Doña Leonor Fernández de Torreblanca, grand-mère paternelle de Cervantès, était une femme qui voyait loin. Elle s’est toujours dit : « le futur maintenant! ». À l’affût de toute aube, quand son mari prit une concubine (une barragana), elle s’offrit un barragano. Retroussant ses manches, elle achète pour 70 ducats un très bel esclave de couleur « perroquet » de 15 ans nommé Luis. Avec lui elle partagea les aléas du sort jusqu’à sa mort. Les souvenirs cimentèrent ses perspectives. Et parfois, ils les ont érigées. Un peu prophète, le 10 mars 1557, dans son testament, elle décida qu’une partie de son héritage revienne à l’Ordre de la Trinité, avec un commentaire prémonitoire : « Pour aider à la rédemption des Espagnols captifs… ». Cervantès, était alors marmot, puisqu’il n’avait pas 10 ans, et personne, à part sa grand-mère, n’avait prévu sa libération précisément par les Trinitaires à Alger, 23 ans plus tard, le 24 octobre 1580. La sérénité n’a jamais été le pédiluve de grand-mère Leonor.

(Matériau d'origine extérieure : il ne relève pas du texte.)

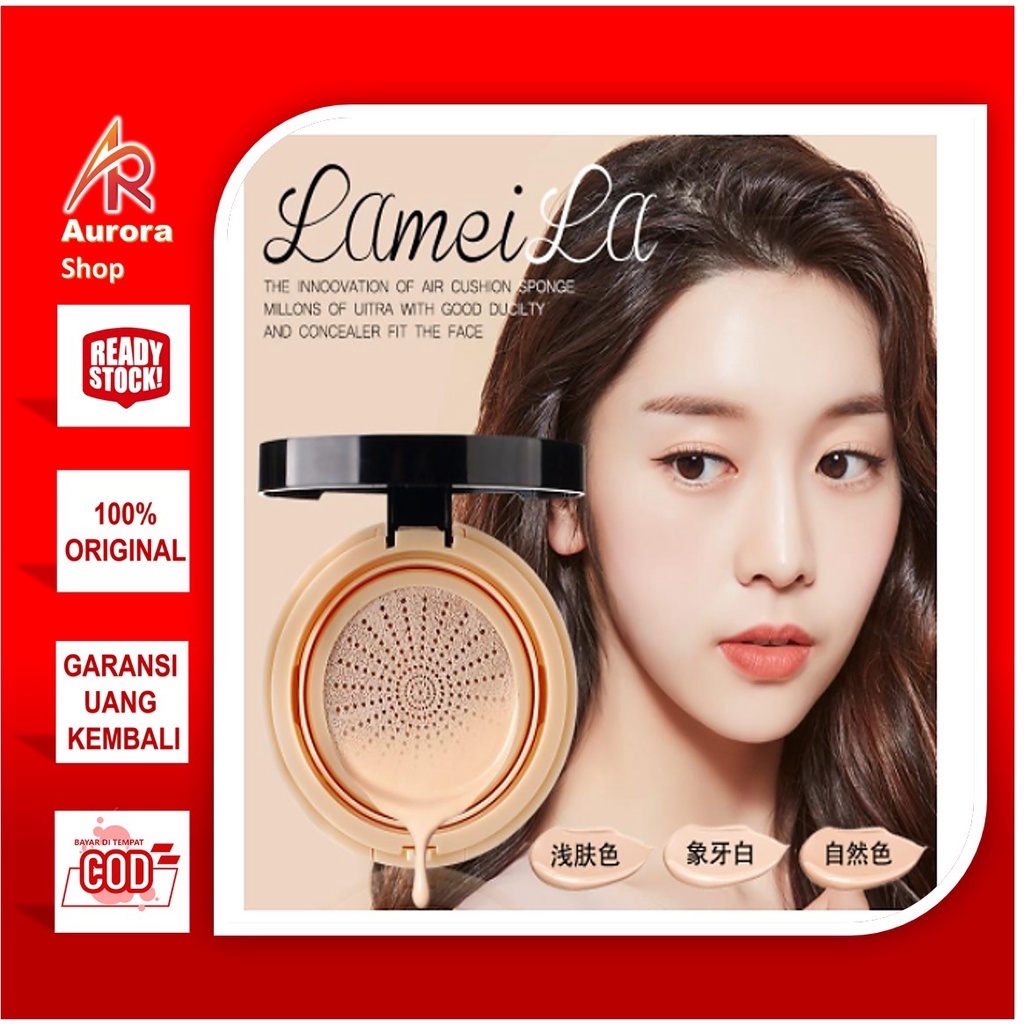 Lameila BB cushion terbaru tahan lama  8008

Leonor aussi, mère de Cervantès, pour sauver son fils, se rendit auprès des « décideurs » (qui se souciaient comme d’une guigne du sort de Cervantès dans au bagne d’Alger). Les « détachements » facilitent la tâche des détachés. Déguisée en soi-disant veuve d’un mari imprésentable et lâche. Don Rodrigo de Cervantès, chirurgien-barbier, qui vivait frileusement, le nombril rétréci, a servi à son fils comme modèle de brûleur de livres. Aucun livre n’est brûlé aujourd’hui ; on a recours au silence très efficace et aseptique. Cervantès, au chapitre VI de Don Quichotte, montre un prêtre et un barbier, censeurs ardents, vantant les mérites et les bienfaits d’un vénérable classique de 200 ans : l’Amadis de Gaule. Pour, plus tard, camouflés derrière l’étiquette d’amoureux du beau, brûler l’auteur subversif et lu seulement sous le manteau, car il figurait déjà dans l’index des livres interdits : le romancier de Ciudad Rodrigo et maître de Cervantès, Feliciano de Silva. C’est là raison de déraison, que l’on fait à notre raison. Comme si Cervantès avait pu jouer aux dés l’empêchement, il commença à écrire Don Quichotte à l’âge de 55 ans. Dans une prison espagnole, « où tout inconfort a son siège », après avoir été persécuté, outragé, excommunié et calomnié. S’il avait reçu le prix Cervantès, cette récompense aurait-elle eu une quelconque influence sur sa décision d’écrire son grand roman ? Le présent est le futur du participe passé. Si le prix Cervantès avait existé au XVIIe siècle, il n’aurait pas été surprenant que l’auteur du Quichotte apocryphe Alfonso Fernández de Avellaneda l’ait remporté : il était le reflet de son apparence. Cervantès ne l’aurait pas mérité.